Aide Brown Ideye (born 11 October 1988) is a Nigerian professional footballer who plays as a striker for Kuwaiti Division One club Al-Yarmouk.

Club career

Early career
Ideye began his career with Bayelsa United before moving to Ocean Boys. He was a member of the Ocean Boys team that won the Nigerian Premier League.

Ideye moved in January 2008 to Europe to sign with Swiss Super League club Neuchâtel Xamax. Before this move to Switzerland, he was on trial with Dutch side Willem II, but was not signed. After three years with Xamax, Ideye left to sign for French Ligue 1 club Sochaux.

Dynamo Kyiv
On 6 July 2011, Ideye signed a five-year deal with Ukrainian side Dynamo Kyiv. He made his first appearance on 16 July against Oleksandria, scoring two goals. In his second game for Dynamo, he again scored a brace, this time against Obolon Kyiv. On 7 August 2012, Ideye scored the winner in a UEFA Champions League qualifying third round second-leg game against Feyenoord, in which Dynamo ultimately progressed. He also scored against Borussia Mönchengladbach in the second-leg of the play-off round. Mönchengladbach won the game 2–1, but Kyiv progressed to the Champions League group stage on a 4–3 aggregate score. On 15 May 2014, Ideye was an unused substitute in Dynamo's 2–1 win over Shakhtar Donetsk in the 2014 Ukrainian Cup Final.

West Bromwich Albion
On 18 July 2014, Ideye signed a three-year deal with English Premier League club West Bromwich Albion, becoming the club's record signing at a fee reported as £10 million. The contract included an option in the club's favour for an extra year. After a difficult start to the season in England, Ideye scored his first league goal for the club in their 3–1 loss to Manchester City on Boxing Day 2014, and scored four times in a six-day spell in February 2015 with goals against Burnley and Swansea City in the Premier League and two against West Ham United in the FA Cup.

Olympiacos 
On 31 August 2015, Ideye joined Olympiacos from West Brom for an undisclosed fee, though believed to be around €6 million.
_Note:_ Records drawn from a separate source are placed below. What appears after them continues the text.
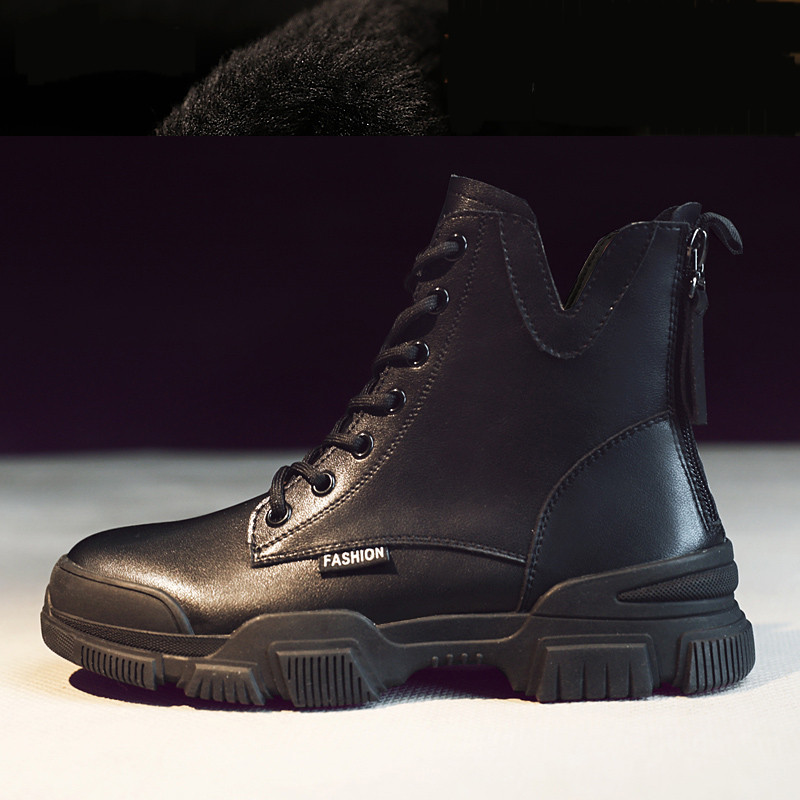 Naiste vabaaja saapad ökonahast – pehme voodriga või ilma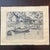 Early 20th Century Etching by Lionel Barrymore “Point Pleasant” For Sale - Image 11 of 12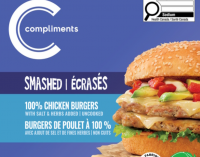 Chicken burger recall in Canada due to undeclared egg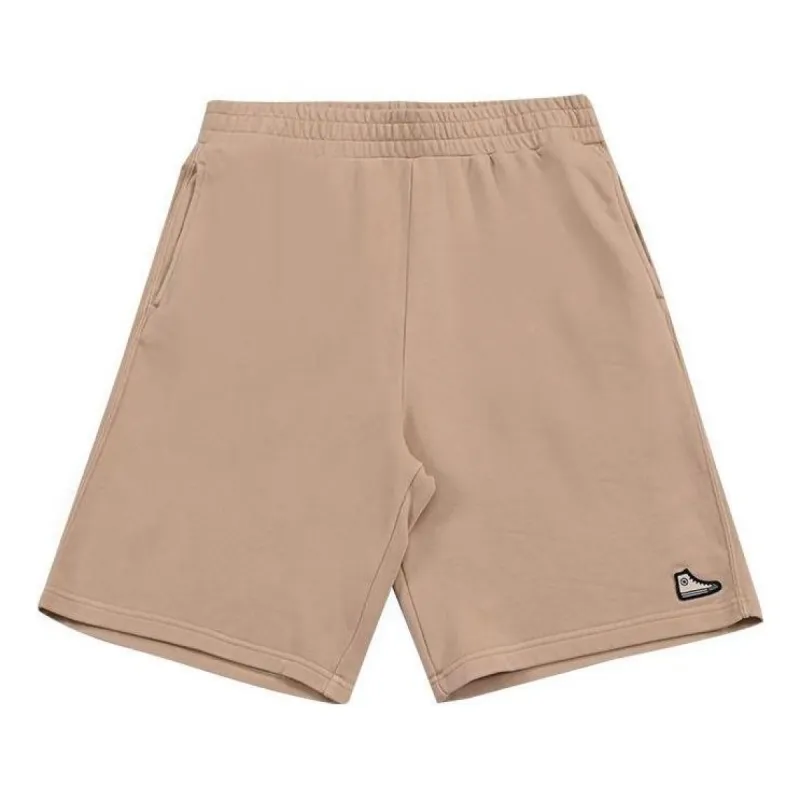Converse Go-To Sneaker Patch French Terry Short 'Beige' 10024765-A02 sold by KicksCrew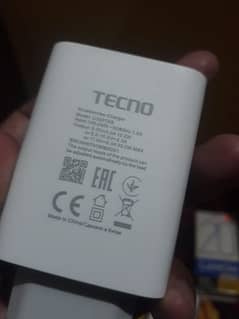 Tecno 33w Original Charger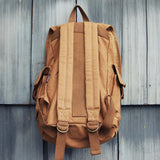 Nanum Falls Backpack in Tobacco: Alternate View #3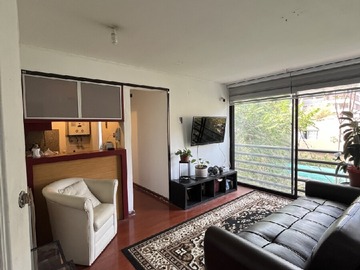 Departamento en venta en Ricardo Lyon 1656, Providencia - 2 dormitorios, 2 baños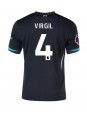 Muži Futbalové oblečenie Liverpool Virgil van Dijk #4 2024-25 Krátky Rukáv - Preč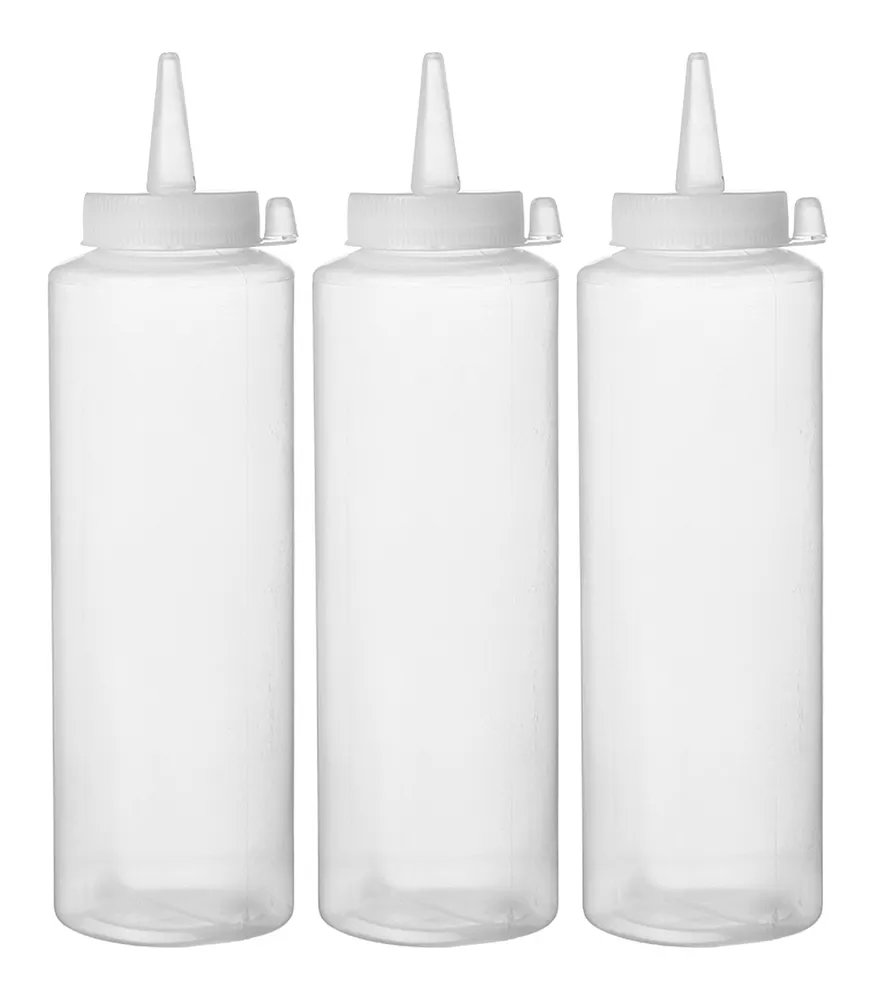 Sets de flacon distributeur - 3 pièces HENDI 557952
The prospect of featuring in the Champions League again was rumoured to play a crucial role in convincing Ideye to move to the Athens-based club.

On 20 October 2015, Ideye scored a goal in Olympiacos' Champions League group stage victory over Dinamo Zagreb (1–0). He scored the 79th-minute winner with a superb finish from a tight angle, redeeming himself for an astonishing miss earlier in the second half. On 9 March 2016, Ideye received a lucrative offer from China during the January transfer window, however he rejected the offer as he preferred to stay with the reigning Superleague Greece champions. On 17 April 2016, he was a key member for the club as it celebrated winning the domestic championship for the sixth consecutive season.

Tianjin Teda
Ideye left Olympiakos for Chinese Super League side Tianjin Teda in the January 2017 transfer window. Ideye joined the Chinese club on a two-and-a half-year contract for a transfer fee of €12 million. His contract, which ran until the summer of 2019, was worth €3.5 million per year.

Málaga (loan)
On 29 January 2018, Ideye joined Spanish La Liga side Málaga on loan for six months.

Aris
On 20 June 2019, he joined Aris on a one-year contract, for an annual fee of €500,000.
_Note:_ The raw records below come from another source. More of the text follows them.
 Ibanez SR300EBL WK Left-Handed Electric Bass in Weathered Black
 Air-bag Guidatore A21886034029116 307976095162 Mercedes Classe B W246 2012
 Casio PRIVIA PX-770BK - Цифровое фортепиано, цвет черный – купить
Ideye had to wait until mid September to find his first goal, when he scored in a stunning 4–0 home win against Panathinaikos, which was also the first of the season. One week later, he received a low cross from Giannis Fetfatzidis and sent the ball in the back of the net, opening the score in an away Derby of Thessaloniki against PAOK, which ended as a 2–2 draw. On 27 October 2019, he scored from the penalty spot, sealing a 2–0 home win against Panetolikos. On 14 December 2019, he returned to the starring line-up, after a two-game suspension, and scored in a 3–1 away loss against OFI. On 19 December 2019, Nigerian striker Brown Ideye netted after 12 and 25 minutes to set an irresistible Aris on their way to complete a hammering 4–0 win against Volos.

On 8 January 2020, he scored in a 1–0 away win against Xanthi, in the first leg of the round of 16 of the Greek Cup and in the rematch he netted another one, helping to a 2–1 win and a qualification to the quarter finals. On 22 February 2020, he scored an equalizer in a 2–2 away draw against Lamia.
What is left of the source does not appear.